New Zealand photographer Jennifer French has succeeded, perhaps unusually, in practising her medium on both sides of the art and commercial divide, by strict separation of the two strands. Graduating BFA from the University of Auckland’s Elam School of Fine Arts in 1987, and later MFA from Melbourne’s RMIT in 2000, French has carved a niche for herself as New Zealand’s leading specialist photographer of art, documenting New Zealand projects in Venice Biennales and as Gallery Photographer at Auckland Art Gallery Toi o Tamaki, together with her art practice of sporadic production of discrete bodies of work.
Fluid ideas of time, its circularity and duration, and intuitive resonances of location or situation, and the nature of perception informed by such thinking, underpin her work. So, not so much Cartier-Bresson’s ‘decisive moment’ – a crisp excerpt from time’s flow. For her, ‘Photography, in the creation of the image, is an effect performed upon the object, by a photographer. It is a caress. It is a personal testament, a set of subjective mysteries. A use of image as metaphor for the act of looking.’
At the same time, French considers the photographic image as technologically arbitrary – a framing, a set of tonalities and colour, created by an optical system. In seeking to escape the frame, or utilise its fiction, French’s quiet meditations catch ‘things that could escape back into the ether with no one the wiser, if someone wasn’t there to arrest them.’

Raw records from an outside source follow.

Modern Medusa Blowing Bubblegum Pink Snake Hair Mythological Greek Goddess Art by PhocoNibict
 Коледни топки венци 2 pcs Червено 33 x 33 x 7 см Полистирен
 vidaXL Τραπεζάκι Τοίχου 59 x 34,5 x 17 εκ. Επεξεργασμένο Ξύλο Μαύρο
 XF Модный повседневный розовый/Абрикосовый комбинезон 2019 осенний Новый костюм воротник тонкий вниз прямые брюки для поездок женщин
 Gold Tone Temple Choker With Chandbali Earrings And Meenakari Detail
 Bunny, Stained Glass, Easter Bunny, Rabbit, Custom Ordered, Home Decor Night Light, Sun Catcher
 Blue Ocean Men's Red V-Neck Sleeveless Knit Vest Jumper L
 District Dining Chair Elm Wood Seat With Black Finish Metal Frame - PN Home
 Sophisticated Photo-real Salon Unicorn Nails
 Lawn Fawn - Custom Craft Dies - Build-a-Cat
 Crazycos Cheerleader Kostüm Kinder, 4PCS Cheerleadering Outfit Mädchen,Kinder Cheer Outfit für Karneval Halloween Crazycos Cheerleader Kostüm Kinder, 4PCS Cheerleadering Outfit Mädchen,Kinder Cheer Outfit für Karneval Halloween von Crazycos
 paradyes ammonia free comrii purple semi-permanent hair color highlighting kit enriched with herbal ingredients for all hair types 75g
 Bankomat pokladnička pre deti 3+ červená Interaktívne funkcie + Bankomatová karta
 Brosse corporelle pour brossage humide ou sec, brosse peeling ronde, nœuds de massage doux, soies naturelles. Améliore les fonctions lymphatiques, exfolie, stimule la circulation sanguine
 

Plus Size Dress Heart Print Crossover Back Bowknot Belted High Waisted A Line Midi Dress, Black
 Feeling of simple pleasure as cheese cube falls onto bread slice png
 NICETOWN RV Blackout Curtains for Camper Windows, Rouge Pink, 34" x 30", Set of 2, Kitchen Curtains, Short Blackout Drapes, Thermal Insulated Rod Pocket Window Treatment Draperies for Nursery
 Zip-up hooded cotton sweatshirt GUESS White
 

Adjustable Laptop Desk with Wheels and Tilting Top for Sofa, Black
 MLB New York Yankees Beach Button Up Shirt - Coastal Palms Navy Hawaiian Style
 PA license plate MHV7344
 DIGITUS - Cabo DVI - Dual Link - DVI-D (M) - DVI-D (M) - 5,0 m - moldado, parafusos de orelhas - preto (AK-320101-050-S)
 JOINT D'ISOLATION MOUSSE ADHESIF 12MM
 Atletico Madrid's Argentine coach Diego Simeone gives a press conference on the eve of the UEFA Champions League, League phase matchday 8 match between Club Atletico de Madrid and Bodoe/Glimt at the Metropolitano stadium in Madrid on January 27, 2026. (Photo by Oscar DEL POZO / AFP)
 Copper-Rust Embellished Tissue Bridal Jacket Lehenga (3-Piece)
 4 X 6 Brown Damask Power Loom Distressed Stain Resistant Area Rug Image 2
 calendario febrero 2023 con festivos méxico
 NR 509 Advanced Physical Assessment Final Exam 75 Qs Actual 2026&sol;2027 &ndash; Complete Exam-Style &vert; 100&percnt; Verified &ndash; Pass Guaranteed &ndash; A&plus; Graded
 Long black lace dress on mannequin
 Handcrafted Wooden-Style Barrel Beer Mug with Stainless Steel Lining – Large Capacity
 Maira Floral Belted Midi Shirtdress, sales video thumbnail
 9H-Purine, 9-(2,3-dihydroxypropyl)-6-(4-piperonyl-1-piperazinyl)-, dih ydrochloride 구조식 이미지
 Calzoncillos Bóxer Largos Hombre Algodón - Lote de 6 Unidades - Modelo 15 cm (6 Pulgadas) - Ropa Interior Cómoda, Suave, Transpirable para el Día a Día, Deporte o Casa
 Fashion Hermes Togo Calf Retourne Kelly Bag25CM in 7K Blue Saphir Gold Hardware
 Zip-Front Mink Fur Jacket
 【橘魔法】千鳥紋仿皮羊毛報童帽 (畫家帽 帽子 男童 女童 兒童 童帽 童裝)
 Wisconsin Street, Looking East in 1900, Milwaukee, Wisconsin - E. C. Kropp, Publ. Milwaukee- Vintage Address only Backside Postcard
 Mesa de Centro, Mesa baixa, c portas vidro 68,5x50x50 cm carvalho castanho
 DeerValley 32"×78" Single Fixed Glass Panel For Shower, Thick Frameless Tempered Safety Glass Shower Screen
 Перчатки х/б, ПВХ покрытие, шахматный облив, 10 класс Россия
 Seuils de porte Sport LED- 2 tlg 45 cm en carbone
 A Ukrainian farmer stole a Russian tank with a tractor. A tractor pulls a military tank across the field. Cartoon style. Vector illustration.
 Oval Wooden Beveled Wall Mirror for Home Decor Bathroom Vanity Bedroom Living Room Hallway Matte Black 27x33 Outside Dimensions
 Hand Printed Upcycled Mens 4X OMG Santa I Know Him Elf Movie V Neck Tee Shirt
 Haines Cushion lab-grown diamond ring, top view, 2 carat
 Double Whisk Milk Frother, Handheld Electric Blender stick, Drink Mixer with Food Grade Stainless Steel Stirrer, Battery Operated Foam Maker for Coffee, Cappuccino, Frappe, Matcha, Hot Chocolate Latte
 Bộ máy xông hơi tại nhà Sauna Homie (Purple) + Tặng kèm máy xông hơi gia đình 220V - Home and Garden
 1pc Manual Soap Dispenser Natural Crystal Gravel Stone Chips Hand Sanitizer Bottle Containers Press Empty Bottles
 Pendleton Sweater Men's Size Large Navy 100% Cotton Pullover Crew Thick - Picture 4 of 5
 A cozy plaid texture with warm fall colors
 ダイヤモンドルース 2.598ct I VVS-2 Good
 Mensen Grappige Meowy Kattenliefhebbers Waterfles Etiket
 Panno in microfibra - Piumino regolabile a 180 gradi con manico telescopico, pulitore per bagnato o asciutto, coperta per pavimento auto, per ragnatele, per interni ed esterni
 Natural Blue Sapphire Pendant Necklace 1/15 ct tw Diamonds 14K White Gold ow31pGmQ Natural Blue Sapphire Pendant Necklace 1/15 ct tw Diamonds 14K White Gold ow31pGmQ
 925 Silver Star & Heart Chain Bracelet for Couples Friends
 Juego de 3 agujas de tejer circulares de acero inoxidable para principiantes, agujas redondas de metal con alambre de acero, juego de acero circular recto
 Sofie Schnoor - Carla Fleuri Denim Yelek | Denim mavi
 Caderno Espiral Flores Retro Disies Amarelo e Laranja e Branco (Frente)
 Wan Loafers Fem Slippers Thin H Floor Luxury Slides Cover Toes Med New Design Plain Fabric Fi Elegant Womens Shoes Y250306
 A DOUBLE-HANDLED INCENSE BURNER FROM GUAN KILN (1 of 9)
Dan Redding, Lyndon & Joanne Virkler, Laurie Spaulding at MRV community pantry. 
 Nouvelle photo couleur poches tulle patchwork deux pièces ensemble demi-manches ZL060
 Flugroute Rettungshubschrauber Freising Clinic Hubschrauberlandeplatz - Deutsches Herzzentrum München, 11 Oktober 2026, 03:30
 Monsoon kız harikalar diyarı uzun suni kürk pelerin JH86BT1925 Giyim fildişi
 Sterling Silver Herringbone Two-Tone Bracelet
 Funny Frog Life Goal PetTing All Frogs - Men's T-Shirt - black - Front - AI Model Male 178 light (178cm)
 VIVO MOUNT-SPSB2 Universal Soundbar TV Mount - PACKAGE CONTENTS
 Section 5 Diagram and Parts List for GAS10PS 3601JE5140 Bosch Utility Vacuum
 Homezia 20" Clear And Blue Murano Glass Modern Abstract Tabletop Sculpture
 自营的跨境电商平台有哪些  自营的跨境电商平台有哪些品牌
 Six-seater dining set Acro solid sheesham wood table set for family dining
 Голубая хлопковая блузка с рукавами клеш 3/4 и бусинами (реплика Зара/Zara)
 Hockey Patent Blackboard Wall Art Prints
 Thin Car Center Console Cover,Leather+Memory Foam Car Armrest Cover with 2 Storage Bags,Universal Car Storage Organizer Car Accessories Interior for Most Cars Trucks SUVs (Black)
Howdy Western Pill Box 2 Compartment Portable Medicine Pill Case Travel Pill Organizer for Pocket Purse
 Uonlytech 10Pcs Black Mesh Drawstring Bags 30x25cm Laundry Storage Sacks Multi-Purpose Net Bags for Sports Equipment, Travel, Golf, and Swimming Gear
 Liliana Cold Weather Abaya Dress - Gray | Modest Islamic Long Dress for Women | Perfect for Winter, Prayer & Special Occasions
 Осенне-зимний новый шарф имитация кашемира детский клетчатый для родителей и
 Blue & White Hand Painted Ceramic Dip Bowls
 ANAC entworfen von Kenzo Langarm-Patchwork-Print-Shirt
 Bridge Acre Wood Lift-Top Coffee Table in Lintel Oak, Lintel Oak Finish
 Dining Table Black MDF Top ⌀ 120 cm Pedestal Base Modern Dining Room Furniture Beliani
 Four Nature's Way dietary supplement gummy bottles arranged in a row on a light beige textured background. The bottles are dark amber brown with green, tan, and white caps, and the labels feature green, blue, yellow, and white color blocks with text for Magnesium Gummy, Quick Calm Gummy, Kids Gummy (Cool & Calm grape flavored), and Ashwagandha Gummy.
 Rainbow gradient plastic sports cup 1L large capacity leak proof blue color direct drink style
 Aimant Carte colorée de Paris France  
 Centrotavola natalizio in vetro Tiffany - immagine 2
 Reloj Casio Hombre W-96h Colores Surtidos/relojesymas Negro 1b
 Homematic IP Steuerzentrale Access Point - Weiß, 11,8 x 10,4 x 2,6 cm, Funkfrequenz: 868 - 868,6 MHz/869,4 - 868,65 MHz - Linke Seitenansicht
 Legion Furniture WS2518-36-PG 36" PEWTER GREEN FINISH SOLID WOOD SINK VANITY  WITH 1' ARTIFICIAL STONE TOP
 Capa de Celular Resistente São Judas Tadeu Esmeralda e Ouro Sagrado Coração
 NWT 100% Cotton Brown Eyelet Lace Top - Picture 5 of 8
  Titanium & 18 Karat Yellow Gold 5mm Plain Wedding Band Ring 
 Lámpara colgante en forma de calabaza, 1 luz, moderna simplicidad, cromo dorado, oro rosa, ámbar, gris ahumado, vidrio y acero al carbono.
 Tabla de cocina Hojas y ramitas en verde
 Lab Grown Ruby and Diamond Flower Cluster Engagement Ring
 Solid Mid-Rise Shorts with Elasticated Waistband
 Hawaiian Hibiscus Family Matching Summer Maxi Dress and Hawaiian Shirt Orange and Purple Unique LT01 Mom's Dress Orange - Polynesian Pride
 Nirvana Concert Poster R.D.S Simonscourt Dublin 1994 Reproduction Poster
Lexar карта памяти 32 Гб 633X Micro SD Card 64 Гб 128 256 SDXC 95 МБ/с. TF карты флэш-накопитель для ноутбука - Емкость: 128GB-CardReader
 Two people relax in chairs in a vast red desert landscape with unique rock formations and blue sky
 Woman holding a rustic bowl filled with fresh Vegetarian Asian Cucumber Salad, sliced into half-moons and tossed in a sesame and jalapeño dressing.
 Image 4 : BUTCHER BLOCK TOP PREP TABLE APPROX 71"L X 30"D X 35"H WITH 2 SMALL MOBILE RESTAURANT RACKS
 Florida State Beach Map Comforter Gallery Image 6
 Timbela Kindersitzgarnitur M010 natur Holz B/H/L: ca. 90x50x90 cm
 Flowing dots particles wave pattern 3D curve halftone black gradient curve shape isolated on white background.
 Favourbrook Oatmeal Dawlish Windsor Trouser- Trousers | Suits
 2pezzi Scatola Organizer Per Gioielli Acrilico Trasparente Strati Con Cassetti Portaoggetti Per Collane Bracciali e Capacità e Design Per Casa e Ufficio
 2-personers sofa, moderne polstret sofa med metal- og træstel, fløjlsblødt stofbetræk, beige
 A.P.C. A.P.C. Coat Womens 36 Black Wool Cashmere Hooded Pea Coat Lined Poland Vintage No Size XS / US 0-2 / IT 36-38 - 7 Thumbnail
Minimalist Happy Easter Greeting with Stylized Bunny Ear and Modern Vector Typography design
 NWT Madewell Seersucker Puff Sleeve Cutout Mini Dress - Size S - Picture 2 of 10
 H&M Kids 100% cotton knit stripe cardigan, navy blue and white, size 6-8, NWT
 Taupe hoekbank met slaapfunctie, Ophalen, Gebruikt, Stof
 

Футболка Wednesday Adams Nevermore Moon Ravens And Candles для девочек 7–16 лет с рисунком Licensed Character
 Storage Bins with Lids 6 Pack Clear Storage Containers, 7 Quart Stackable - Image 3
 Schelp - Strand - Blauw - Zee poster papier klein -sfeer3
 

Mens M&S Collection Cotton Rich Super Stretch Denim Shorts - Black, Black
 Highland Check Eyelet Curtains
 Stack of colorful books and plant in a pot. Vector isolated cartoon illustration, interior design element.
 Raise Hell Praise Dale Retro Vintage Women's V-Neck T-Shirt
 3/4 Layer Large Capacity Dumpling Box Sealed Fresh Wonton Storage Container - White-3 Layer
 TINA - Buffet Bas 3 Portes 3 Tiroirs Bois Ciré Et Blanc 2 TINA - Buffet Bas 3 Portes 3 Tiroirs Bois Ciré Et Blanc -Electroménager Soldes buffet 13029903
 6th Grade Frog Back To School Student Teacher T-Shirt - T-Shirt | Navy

French has exhibited widely throughout New Zealand, including ‘Darkness & Light: Looking at the Landscape’ at Auckland Art Gallery Toi o Tāmaki (2000), and ‘A walk in the black forest’ at SHOW in Wellington in 2005. She was awarded the Möet & Chandon Fellowship and Residency in France in 1995, and graduated with an MFA in 2000 from RMIT, Melbourne, Australia.
French lives and works in Tāmaki Makaurau Auckland, Aotearoa New Zealand.